- Born: Lilli Schlüchterer 5 March 1900 Germany
- Died: c. 19 June 1944 (aged 44) Auschwitz concentration camp, Oświęcim, Poland
- Occupation: Medical doctor
- Children: 5 (including Gerhard Jahn)

= Lilli Jahn =

German Jewish doctor known for posthumously published letters documenting the Holocaust

Lilli Jahn (5 March 1900 - c. 19 June 1944) was a German-Jewish medical doctor and victim of Nazism in Germany. She gained international fame posthumously following the publication of her letters to her five children which she wrote during her imprisonment in the Breitenau concentration camp. She was deported to the Auschwitz concentration camp and was murdered there.

== Life ==

=== Childhood and education ===
Lilli Jahn was born as Lilli Schlüchterer, daughter of a wealthy tradesman who lived in Cologne as a liberal assimilated Jew. She got a quite progressive education for a girl at that time: She was taking her A-levels in 1919 at Kaiserin-Augusta-School in Cologne and started after that studying medicine in Würzburg, Halle (Saale), Freiburg im Breisgau and Cologne. 1924 Lilli finished her studies successfully and got her conferral of a doctorate with a thesis. Firstly she worked on a temporary employment at a doctor's practice and the Israelitisches Asyl für Kranke und Altersschwache in Cologne. After 1933, when the Nazi Party controlled the country, Lilli Jahn was not allowed to continue practicing as a medical doctor.
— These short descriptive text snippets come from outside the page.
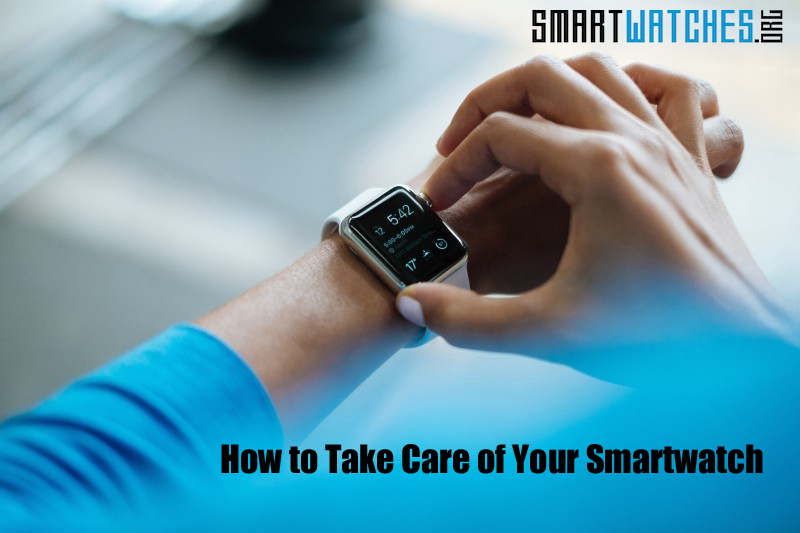 Take Care of Your Smartwatch featured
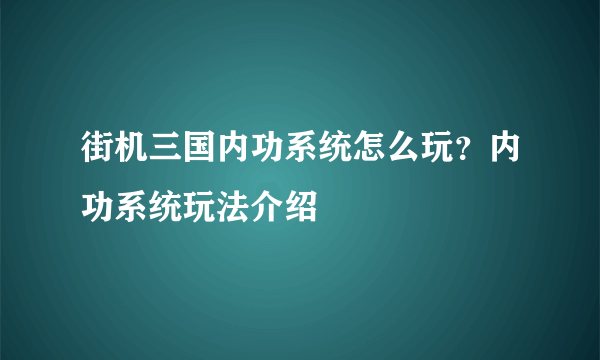 街机三国内功系统怎么玩？内功系统玩法介绍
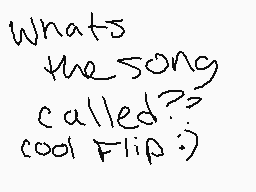 Drawn comment by vOSilverOv
"What's the song called? cool Flip:)"
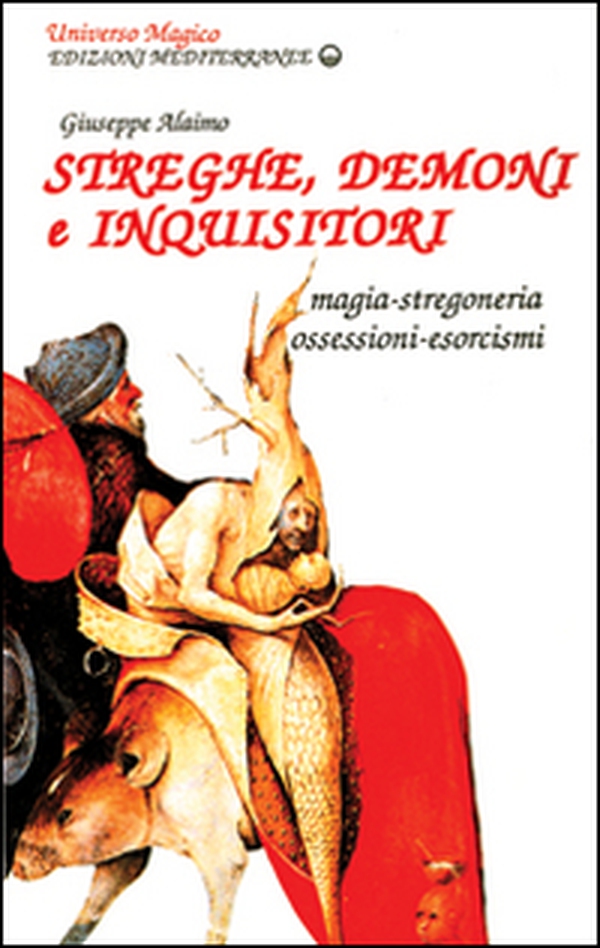Streghe, demoni e inquisitori. Magia, stregoneria, ossesioni, esorcismi - Librerie.coop Streghe, demoni e inquisitori. Magia, stregoneria, ossesioni, esorcismi - Librerie.coop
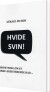 Hvide Svin - Bog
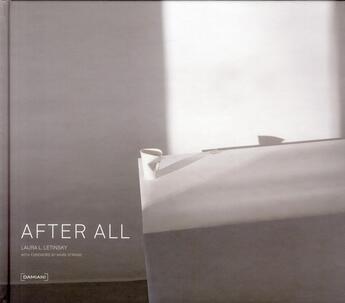 Couverture du livre « After all » de Mark Strand et Grafiche Damiani et Laura Letinsky aux éditions Damiani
=== Imprisonment in Breitenau ===
At the end of August 1943, Lilli Jahn was denounced. She had omitted to add the name 'Sara' – obligatory for all female Jews – on her doorbell, but left the doctor’s degree, which was forbidden for Jews. She was arrested, interrogated and due to a violation of the name change ordinance, was sent to the Breitenau concentration camp near Guxhagen, south of Kassel.
Her underage children were left to themselves more or less. Initially, Jahn worked as a forced labourer in the pharmaceutical factory of B. Braun in Melsungen. Her daughter Ilse managed to visit her already weakened mother during her arrest only once. Until today it has remained unclear to what extent Ernst Jahn tried to save the life of his ex-wife by pleas to the responsible Gestapo in Kassel or the Reich Security Main Office in Berlin.
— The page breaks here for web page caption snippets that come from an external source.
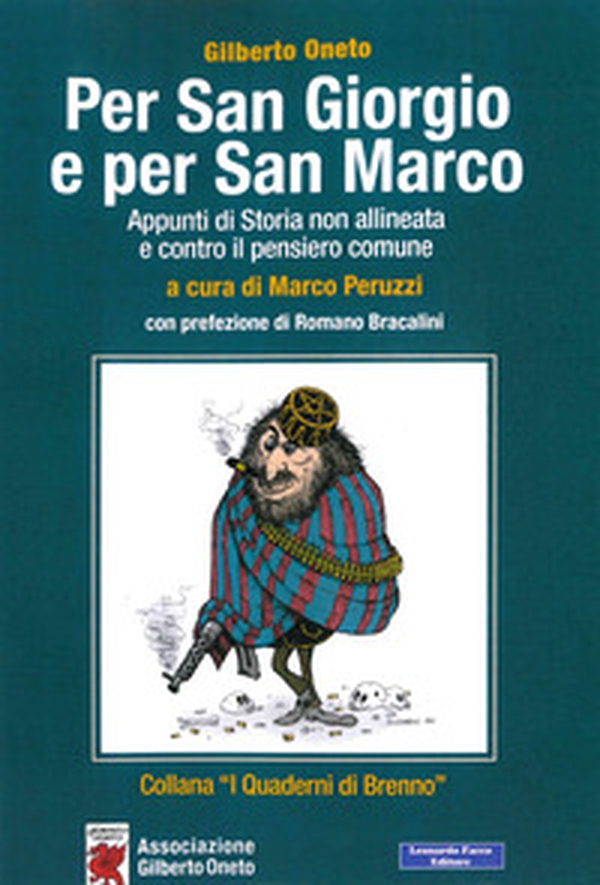 Per San Giorgio e per San Marco. Appunti di storia non allineata e contro il pensiero comune - Librerie.coop Per San Giorgio e per San Marco. Appunti di storia non allineata e contro il pensiero comune - Librerie.coop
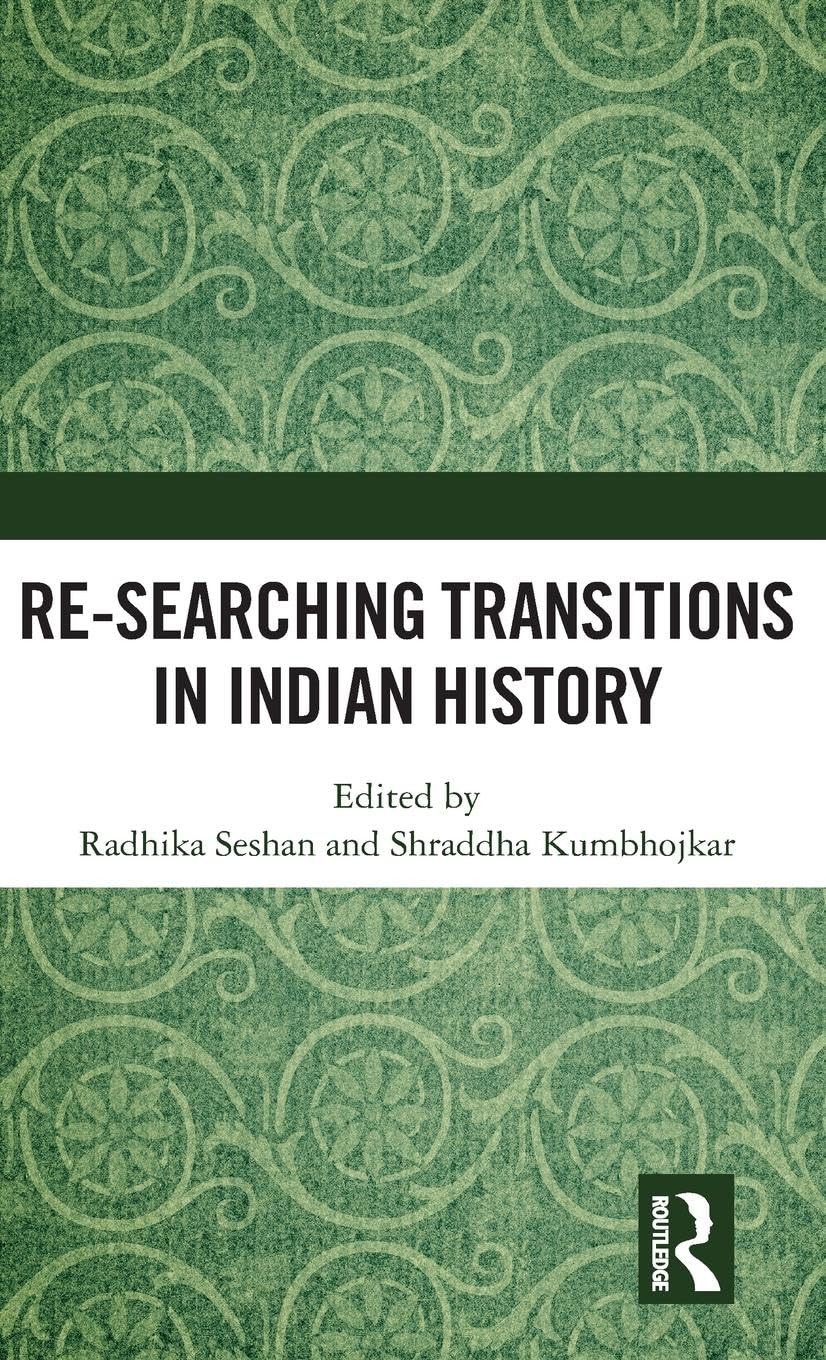 Re-searching Transitions in Indian History Social Sciences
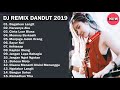 Dj dangdut remix terbaru 2019  best list mp3 full nonstop remix dangdut indonesia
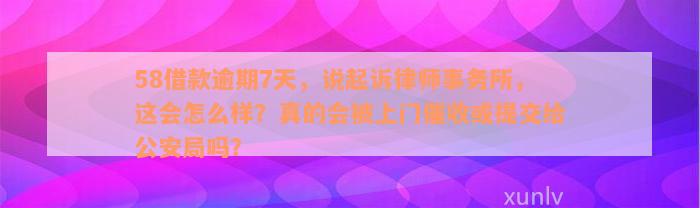 58借款逾期7天，说起诉律师事务所，这会怎么样？真的会被上门催收或提交给公安局吗？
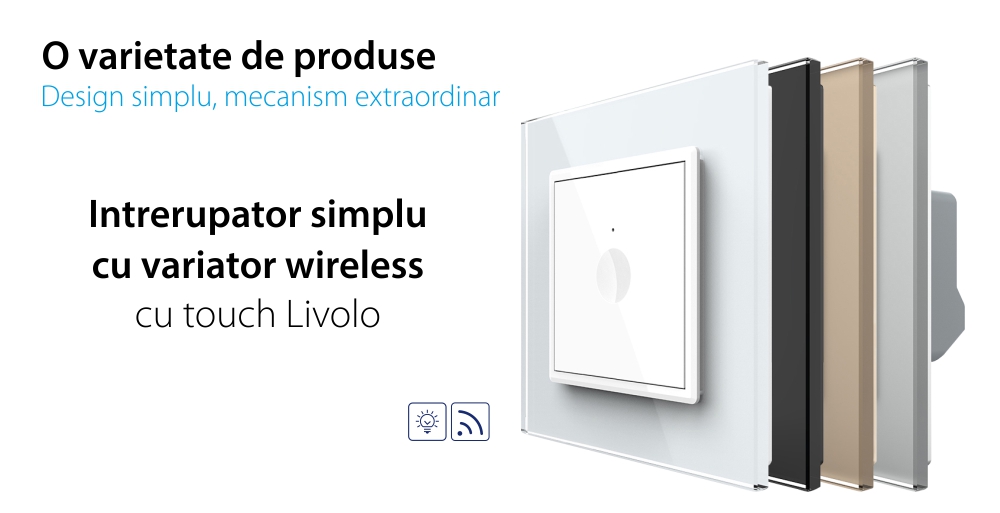 Intrerupator Simplu cu Dimmer, Wireless si Touch LIVOLO – Serie Noua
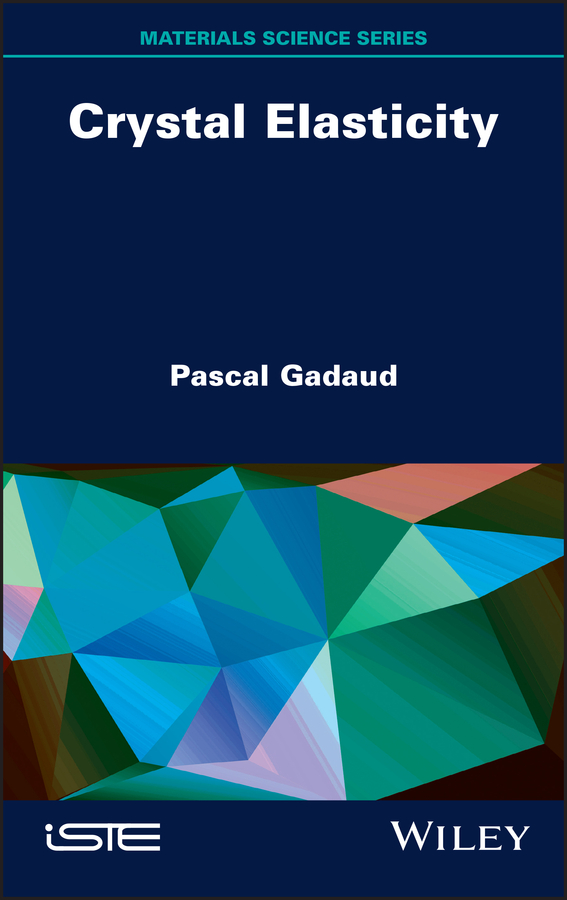 Обложка книги «Crystal Elasticity»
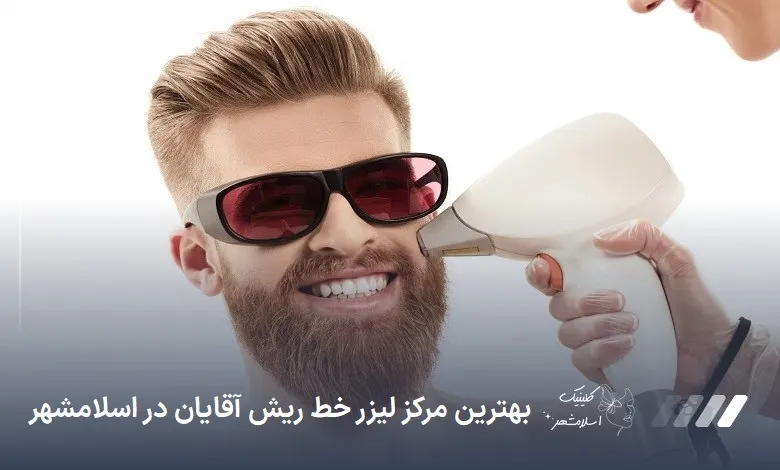 بهترین مرکز لیزر خط ریش آقایان در اسلام‌شهر
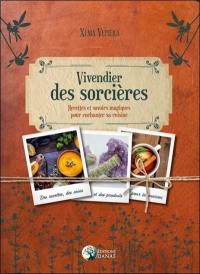 Vivendier des sorcières : recettes et savoirs magiques pour enchanter sa cuisine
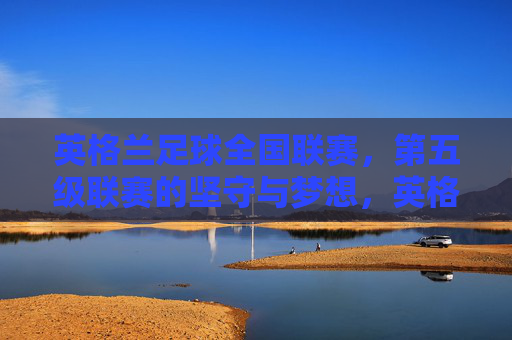 英格兰足球全国联赛，第五级联赛的坚守与梦想，英格兰足球全国联赛，第五级联赛的坚守与梦想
=== Deportation to Auschwitz and death ===
In March 1944, Lilli Jahn was deported in a collective transport via Dresden to Auschwitz concentration camp. Prior to her deportation she managed to smuggle her children's letters out of Breitenau: they ended up at her son's, who kept them without the knowledge of his sisters until his death in 1998. The last preserved letter by Lilli Jahn from Auschwitz dated 6 March 1944, was written by someone else. Her children got the message of her mother's death in September 1944 in Immenhausen.

===Remembrance===
In memory of Lilli Jahn, the municipality of Guxhagen renamed the square in front of the former synagogue to Lilli-Jahn-Platz in 1976.

Her son Gerhard Jahn became Federal Minister of Justice in Germany in 1969.